インフルエンザが原因で、肺炎に感染することをご存知ですか?
肺炎はインフルエンザだけではなく、さまざまな原因でかかるケースがあり、誰もが身近なものなんです。
今回はインフルエンザが原因の肺炎に焦点をあて、原因と対処法にどんなものがあるのか、さっそく見ていきましょう。
目次
肺炎ってどんな病気?
肺炎は大きく分けると『市中肺炎』と『院内肺炎』に分けられます。
市中肺炎
病院の外でかかる肺炎のこと。
風邪やインフルエンザが原因で引き起こす肺炎も含まれます。
院内肺炎
入院中にかかる肺炎のこと。入院後、48時間以降にかかる肺炎を指します。
人工呼吸器などで気管に管を通している場合になりやすい肺炎です。市中肺炎に比べて、予防が難しいとされていますね。
肺炎の死亡率の高さは要注意
肺炎は不治の病ではありませんが、死亡率の高い病です。
厚生労働省『人口動態統計年報 主要統計表』による、日本人の死亡原因ワースト5を見てみましょう。
1位 がん(悪性新生物)
2位 心臓病(心疾患)
3位 脳卒中(脳血管疾患)
4位 肺炎
5位 老衰出典:厚生労働省
第4位に肺炎があがっています。驚きです。年齢によるところが大きいようですが、若い方でも風邪の延長のように考えていると命取りになる病気なんです。ご存知でしたか?
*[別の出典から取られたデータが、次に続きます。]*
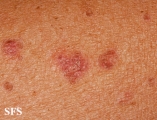 porokeratosis actinic
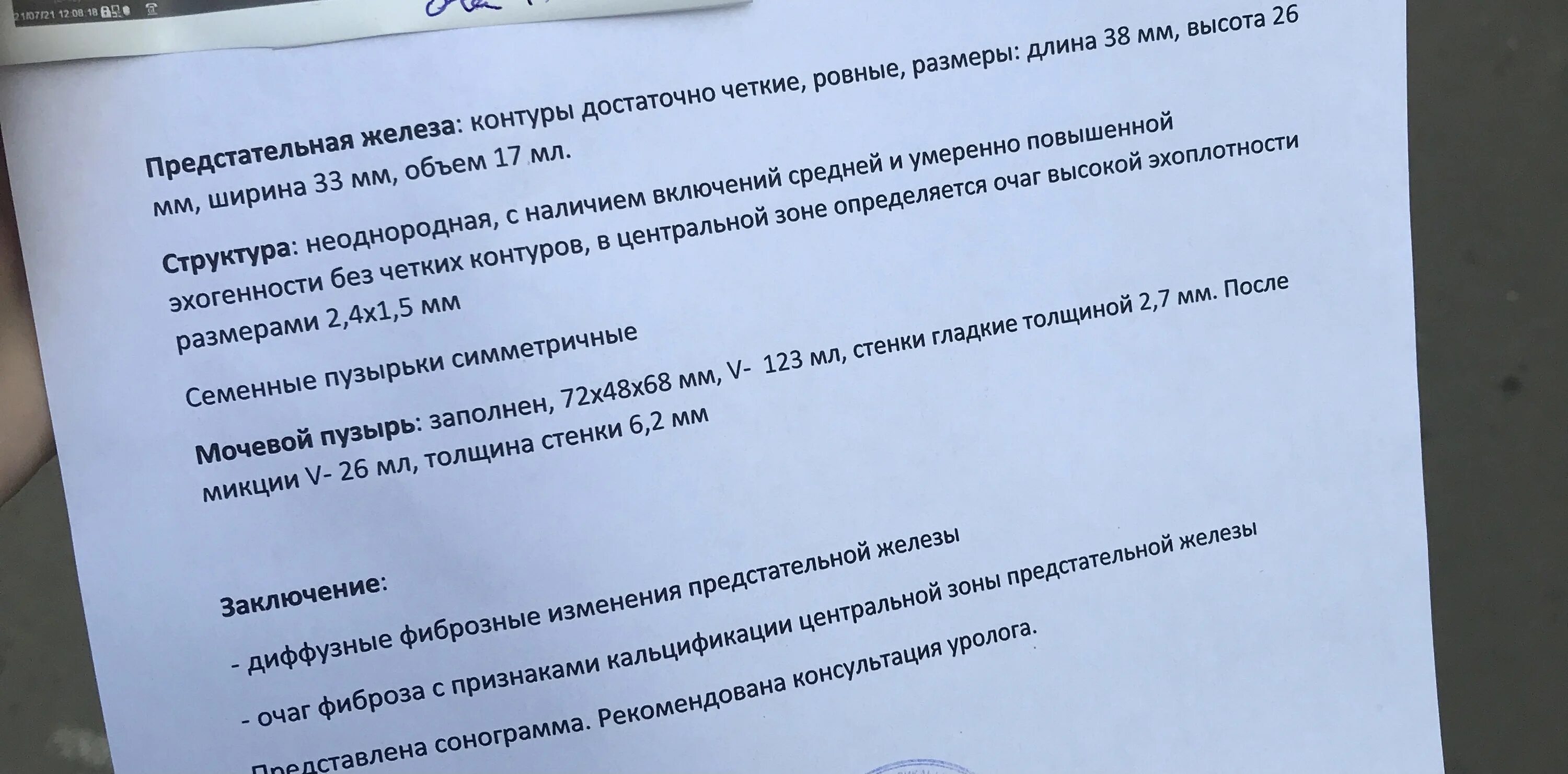 Фиброз простаты что это такое. Фиброз простаты что это такое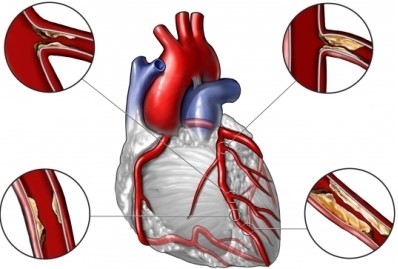 Операция стентирования сосудов сердца: что важно знать о ней?
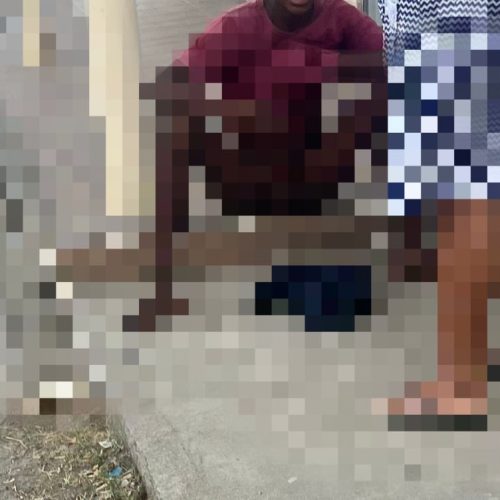 Adolescente é mordido no pênis por pitbull ao tentar pular muro em Santaluz; família contesta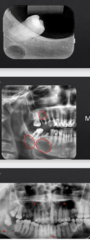 <p>How are these lesions described in terms of number?</p>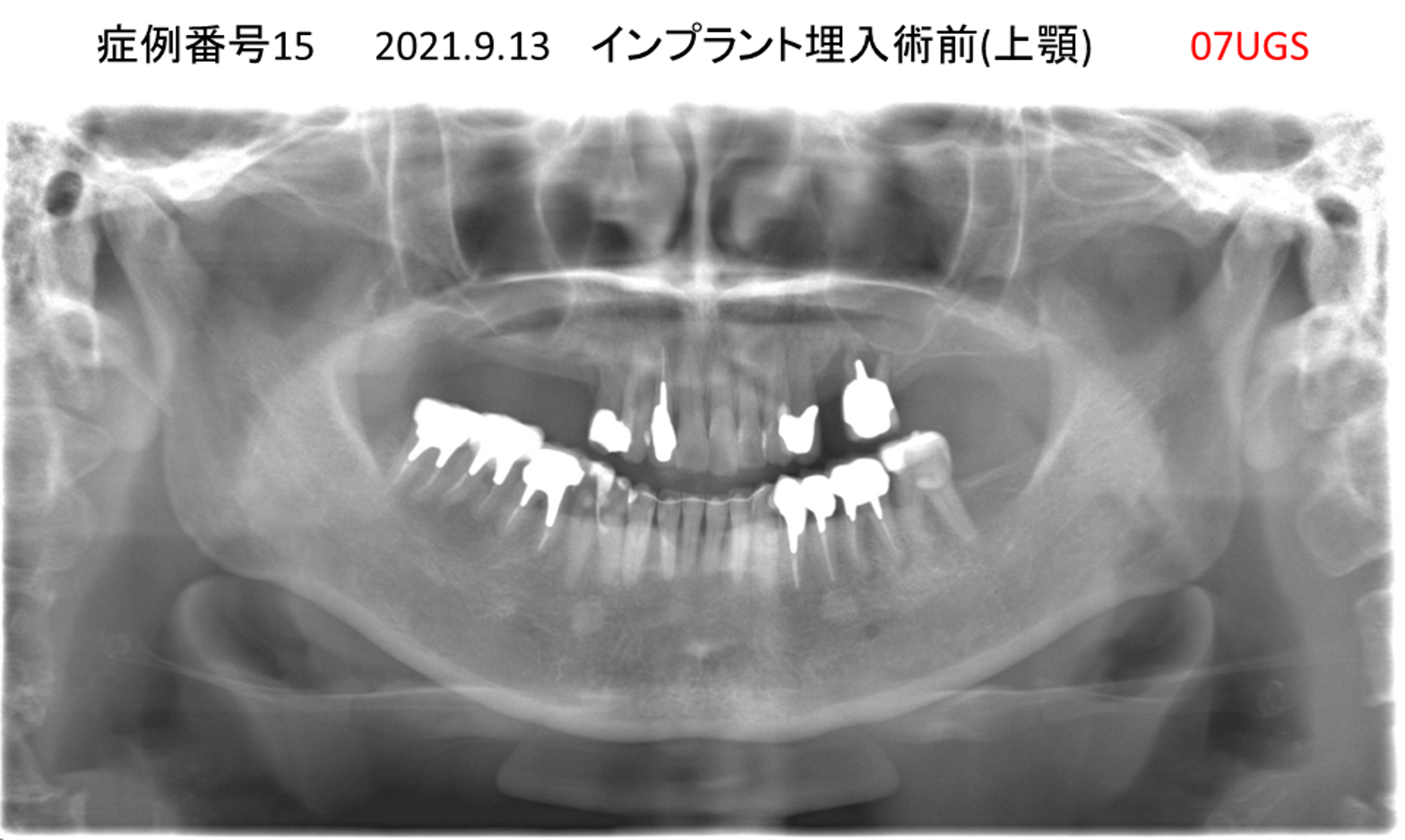 インプラント治療前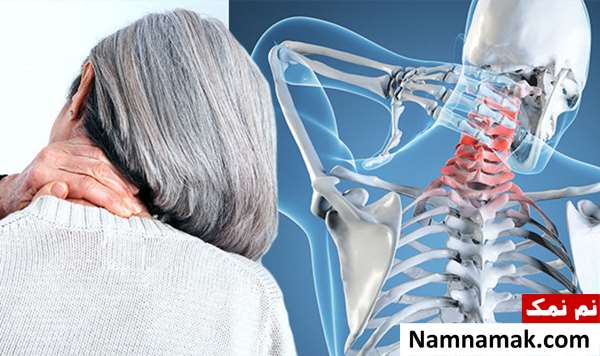 آرتروز گردن و درد دست راست آرتروز گردن و درد دست راست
最近ではコメディアンの志村けんさんが、肺炎で入院し舞台を中断したとのニュースが流れましたね。志村けんさんの肺炎の詳細は不明ですが、年配の方による誤嚥(ごえん-食べ物や飲み物、唾液などが誤って気管に入り込むこと)が原因で引き起こす肺炎も珍しくはありません。
また、肺炎は特別な菌が存在しているわけではなく、「常在菌」によって引き起こされるもの。冬にかかりやすいというイメージがありますが、季節に関係なく感染する可能性がある病気です。
肺炎は他の人に感染する
肺炎は咳やくしゃみによって病原体が飛び散り、飛沫感染します。免疫力が弱まっていたり、体力が落ちている人は感染する確率が高くなるということ。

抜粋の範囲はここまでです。